Different authors have quantified software maintenance between \(40\%\) and \(>90\%\) of build costs, depending on the software project considered, project development methodology used and best practices applied. A checklist used to explore the realism and accuracy of maintenance requirements (see for example Hunt et al. 2008) should include, among others, the following questions:

  1. 1.

    Which parts of the system will be preserved and allow incremental maintenance?

  2. 2.

    Are healthy chunks of the original code being rewritten or changed?

  3. 3.

    Which pieces of software will need (non-incremental) maintenance?

  4. 4.

    Can you assess which (non-incremental) maintenance operations are the least invasive on the current system?

We believe our formal model can be used to provide answers to such questions, and thus be of further help to the constraints of software maintenance costs.

7 Conclusion

We have presented a theory of software change inspired by techniques used in belief revision theory.

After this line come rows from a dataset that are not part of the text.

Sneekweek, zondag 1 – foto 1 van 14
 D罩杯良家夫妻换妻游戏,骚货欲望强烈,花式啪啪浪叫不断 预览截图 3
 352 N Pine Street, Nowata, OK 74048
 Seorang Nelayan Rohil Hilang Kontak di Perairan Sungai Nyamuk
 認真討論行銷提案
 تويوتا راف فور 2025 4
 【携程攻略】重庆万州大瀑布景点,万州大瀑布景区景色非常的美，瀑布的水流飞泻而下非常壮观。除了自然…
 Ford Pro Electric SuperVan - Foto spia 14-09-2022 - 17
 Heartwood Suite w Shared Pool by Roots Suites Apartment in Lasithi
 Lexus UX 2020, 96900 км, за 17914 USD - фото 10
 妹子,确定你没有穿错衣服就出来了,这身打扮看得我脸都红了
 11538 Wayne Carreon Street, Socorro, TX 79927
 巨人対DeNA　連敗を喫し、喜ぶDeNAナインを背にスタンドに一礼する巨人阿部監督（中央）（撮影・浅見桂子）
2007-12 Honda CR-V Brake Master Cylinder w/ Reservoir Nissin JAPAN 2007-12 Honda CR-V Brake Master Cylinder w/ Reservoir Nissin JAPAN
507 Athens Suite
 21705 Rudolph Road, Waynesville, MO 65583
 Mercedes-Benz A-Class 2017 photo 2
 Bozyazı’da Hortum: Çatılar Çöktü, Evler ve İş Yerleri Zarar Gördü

We have highlighted how operators on contraction, expansion and revision with reordering over a base with functional entrenchment allow to identify resilience and evolvability properties for software systems. We have moreover identified the complexity of such operations and gave a real case scenario on a recent example of a broken algorithm. Future research will focus on enhancements of this model that can be of further interest to the software engineering community, e.g. by operations of multiple contraction and selective revision. From the conceptual point of view, the interest is in the modelling of anti-fragility properties for software systems in the light of revision and update operations.